Yesterday, without examination, we posted a look at what the Fed’s balance sheet looks like today. Here is what the Fed’s Balance Sheet looked like in the summer of 1996 (click it to enlarge).
Not too much “fishy” stuff – this was at the tail end of the Latin American debt crisis, the S&L Crisis had largely passed and the trouble in Asia had yet to start brewing. My only few comments for the benefit of the readers are these:
- Notice how much larger the Fed’s balance sheet is today than it was 15 years ago. The size of the Fed’s balance sheet is a proximate picture of how much high powered money is floating around out there.
- How does it get so large? Well, the Fed simply creates short-term liabilities out of thin air. Whereas a private bank would only be able to create deposits (or back in the State Banking era print banknotes) if it received assets or gold from its customers, the Fed in fact prints the FRN or creates deposits on its member bank balance sheets out of thin air.
- Why all the weird stuff on the current balance sheet? In fact, much of this was because the Fed was unwilling (because it might exacerbate a panic) or unable (by law) to use its discount window to help out troubled firms. The classical lender of last resort role for a central bank, and one justification for the existence of the Fed was to make emergency liquidity available to solvent banks via discount window loans at penalty (e.e. above market) rates. This would prevent otherwise healthy firms from using the window as a low cost way of borrowing (like the Fed allowed banks to do to fuel the inflation of the late 19-teens and the 1920s via “rediscounting of commercial paper” and would be a way to ensure that healthy banks would pay back the emergency loans quickly when the panic passed. So, all of those bizarre facilities it set up were either (1) ways to legally get around the fact that some firms are not permitted by law to make use of the discount window or (2) prevent firms from having to use the discount window for fear that it would signal to investors and customers that the bank is, in fact, in trouble. All I will say about point (2) would be that by not allowing discount window use by anyone, the Fed in fact exacerbates the information problem and leaves investors and customers guessing that all firms must be in trouble (perhaps we can write down a model to show this in a future post). And as a way to prevent this information problem from causing an even worse panic, the government actually mandated that certain firms have to take part in these liquidity auctions.

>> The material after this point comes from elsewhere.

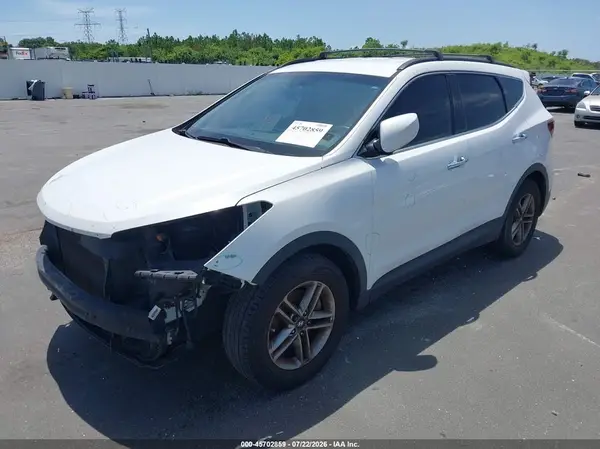 5NMZU3LB9HH009995 2017 HYUNDAI SANTA FE - Image 2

Anyway, I hope you enjoy comparing the two. My fear used to be that today’s balance sheet would have lots of poorly performing assets on it so that the taxpayers would have to bail out the Fed … now it is … I am worried that these things will turn out to be good investments. And before you know it, the Fed will turn into nothing different than a giant hedge fund – the very thing it is supposed to (at least in the new la la legislation world) be monitoring, not engaging in.
Why? Because the profits of the Fed are plowed right back into the Treasury. Thankfully, we spend so much freakin’ money as a Congress that even if the Fed generates $50 billion per year in “profits” (from its monopoly position) that is a little more than 1% of the $4 trillion that the accountants in DC spend each and every year. Countries that rely on central bank profits for a larger portion of their fiscal spending (I hope this puts aside the notion that the Fed is an independent branch of government) are at a much larger risk of severe inflations than we are.